1944 REVIEWED

“1944” is a World War II movie about military identity vs. the need to save your home. Many in Estonia didn’t know if they were part of the Red Army, conscripted German soldiers or just local allies trying to stop Nazis. All the while, mistakes about firing and general wartime confusion dotted their existence. Ultimately, what do you do? Playing off the same kind of hopeless assault that Nolan captured in “Dunkirk”, this is a film about survival at all costs.
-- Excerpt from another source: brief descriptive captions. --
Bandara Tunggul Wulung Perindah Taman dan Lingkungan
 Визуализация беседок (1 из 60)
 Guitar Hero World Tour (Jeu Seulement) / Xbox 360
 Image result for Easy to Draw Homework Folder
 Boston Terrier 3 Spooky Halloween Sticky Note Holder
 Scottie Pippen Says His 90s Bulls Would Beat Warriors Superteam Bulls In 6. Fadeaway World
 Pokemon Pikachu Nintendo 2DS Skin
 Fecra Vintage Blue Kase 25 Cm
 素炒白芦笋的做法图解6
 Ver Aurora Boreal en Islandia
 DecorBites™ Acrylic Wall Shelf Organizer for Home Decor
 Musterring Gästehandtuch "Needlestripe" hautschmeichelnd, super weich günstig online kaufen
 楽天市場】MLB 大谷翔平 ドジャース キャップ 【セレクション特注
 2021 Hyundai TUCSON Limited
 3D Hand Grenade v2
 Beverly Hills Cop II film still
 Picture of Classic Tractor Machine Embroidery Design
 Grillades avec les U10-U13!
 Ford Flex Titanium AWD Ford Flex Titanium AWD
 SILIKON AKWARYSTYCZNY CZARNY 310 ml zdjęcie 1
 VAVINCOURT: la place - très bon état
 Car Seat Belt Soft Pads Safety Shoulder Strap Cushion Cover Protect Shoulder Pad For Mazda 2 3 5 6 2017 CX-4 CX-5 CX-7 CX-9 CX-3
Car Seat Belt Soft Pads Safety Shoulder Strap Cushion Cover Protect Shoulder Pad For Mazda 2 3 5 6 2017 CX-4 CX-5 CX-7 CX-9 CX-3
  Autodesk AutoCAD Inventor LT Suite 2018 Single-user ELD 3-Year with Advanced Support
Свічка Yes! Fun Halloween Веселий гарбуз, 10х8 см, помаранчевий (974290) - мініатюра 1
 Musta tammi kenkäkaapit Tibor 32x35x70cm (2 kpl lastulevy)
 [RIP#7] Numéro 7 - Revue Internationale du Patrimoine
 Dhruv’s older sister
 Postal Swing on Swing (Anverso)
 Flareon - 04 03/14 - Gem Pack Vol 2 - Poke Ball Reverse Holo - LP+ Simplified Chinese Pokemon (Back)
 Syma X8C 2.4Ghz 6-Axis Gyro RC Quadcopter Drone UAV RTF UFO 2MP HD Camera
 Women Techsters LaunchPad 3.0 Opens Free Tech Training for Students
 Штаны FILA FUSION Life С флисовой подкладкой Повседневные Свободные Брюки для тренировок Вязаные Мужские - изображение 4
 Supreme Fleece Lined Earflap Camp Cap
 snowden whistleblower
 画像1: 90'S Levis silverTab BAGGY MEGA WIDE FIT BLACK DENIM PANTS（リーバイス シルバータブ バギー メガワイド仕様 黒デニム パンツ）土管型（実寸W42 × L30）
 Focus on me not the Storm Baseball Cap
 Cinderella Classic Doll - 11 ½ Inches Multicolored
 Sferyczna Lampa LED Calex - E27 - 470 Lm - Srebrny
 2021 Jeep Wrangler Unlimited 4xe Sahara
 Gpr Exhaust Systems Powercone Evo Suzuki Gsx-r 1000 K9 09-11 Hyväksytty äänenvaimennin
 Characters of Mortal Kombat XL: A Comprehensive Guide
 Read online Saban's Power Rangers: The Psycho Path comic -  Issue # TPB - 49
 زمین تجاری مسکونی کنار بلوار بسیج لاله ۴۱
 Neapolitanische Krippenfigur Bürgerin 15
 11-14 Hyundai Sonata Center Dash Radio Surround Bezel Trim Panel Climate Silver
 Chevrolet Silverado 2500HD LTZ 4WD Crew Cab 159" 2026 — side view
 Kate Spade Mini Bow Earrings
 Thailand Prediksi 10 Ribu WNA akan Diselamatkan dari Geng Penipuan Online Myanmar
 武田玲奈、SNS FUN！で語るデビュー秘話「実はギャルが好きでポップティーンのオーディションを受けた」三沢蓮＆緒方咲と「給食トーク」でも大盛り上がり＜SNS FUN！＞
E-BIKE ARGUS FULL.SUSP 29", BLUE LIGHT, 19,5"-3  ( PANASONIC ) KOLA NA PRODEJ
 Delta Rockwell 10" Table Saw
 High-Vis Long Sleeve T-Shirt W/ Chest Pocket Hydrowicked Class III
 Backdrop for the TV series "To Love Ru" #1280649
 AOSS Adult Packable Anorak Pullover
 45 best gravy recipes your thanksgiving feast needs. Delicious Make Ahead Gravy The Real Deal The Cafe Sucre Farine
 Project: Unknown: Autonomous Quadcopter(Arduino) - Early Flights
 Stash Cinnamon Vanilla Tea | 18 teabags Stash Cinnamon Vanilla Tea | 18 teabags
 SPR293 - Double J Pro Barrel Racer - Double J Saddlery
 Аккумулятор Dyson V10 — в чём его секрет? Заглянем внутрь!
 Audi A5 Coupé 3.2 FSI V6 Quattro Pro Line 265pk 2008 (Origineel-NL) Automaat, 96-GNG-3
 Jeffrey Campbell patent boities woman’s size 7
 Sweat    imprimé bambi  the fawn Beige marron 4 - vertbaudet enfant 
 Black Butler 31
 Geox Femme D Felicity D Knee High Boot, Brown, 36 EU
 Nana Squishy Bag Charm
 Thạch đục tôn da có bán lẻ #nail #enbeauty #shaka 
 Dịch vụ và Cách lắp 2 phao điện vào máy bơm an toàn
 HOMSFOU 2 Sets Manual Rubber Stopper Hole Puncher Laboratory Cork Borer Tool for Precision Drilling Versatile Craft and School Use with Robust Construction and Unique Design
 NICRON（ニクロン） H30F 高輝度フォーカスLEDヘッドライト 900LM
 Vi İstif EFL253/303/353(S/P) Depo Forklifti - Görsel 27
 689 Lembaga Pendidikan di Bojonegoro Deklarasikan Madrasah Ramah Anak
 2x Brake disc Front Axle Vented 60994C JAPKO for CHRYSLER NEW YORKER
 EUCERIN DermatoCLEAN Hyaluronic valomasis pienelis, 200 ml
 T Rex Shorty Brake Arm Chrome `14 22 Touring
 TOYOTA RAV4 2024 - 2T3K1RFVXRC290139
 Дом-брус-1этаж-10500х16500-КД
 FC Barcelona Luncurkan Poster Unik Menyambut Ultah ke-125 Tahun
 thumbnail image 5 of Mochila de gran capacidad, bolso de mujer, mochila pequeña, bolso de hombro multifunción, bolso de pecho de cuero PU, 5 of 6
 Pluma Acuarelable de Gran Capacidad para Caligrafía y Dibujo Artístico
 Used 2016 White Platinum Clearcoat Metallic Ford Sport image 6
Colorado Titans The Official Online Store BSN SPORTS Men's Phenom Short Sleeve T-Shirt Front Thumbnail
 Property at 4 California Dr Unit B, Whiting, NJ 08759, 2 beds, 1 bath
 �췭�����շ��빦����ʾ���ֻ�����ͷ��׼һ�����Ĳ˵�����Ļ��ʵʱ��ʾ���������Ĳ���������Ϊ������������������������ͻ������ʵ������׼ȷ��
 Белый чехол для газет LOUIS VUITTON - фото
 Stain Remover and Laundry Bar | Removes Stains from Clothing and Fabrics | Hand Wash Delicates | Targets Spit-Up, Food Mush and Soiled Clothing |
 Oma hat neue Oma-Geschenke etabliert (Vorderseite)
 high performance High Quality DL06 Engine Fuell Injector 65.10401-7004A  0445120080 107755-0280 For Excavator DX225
Terrific all around and well worth checking out this summer.

SPECIAL FEATURES

  • Short Film

A/V STATS

  • 2.39:1 standard definition transfer
  • Dolby Digital 5.1

RELEASE DATE: 8/1/17 (exclusively at WAL-MART)

  • 91%
    Video - 91%
  • 90%
    Audio - 90%
  • 90%
    Supplemental Material - 90%
  • 93%
    Film Score - 93%
91%

The Plot Thus Far

In “1944” Director Elmo Nyuganena portrays the real events on the Eastern Front in Estonia in 1944, from the Battle Of Tannenburg Line, the July fighting on the Sinimäed Hills, until November, when the Sorve peninsula was already conquered by the Soviet Army. The war is shown through the eyes of participants in the events on both warring sides – the Estonians who fought on the side of the German Army in the 20th Estonian division Waffen-SS, and as part of the 8th Estonian Rifle Corps of the Soviet Army. For residents of Estonia it was a war in which everyone makes their own choices. It is with such hard choices facing the main characters of the film – the soldiers of the opposing sides Carl Tammik and Urey Jogi – as well as their comrades, relatives, friends and even strangers.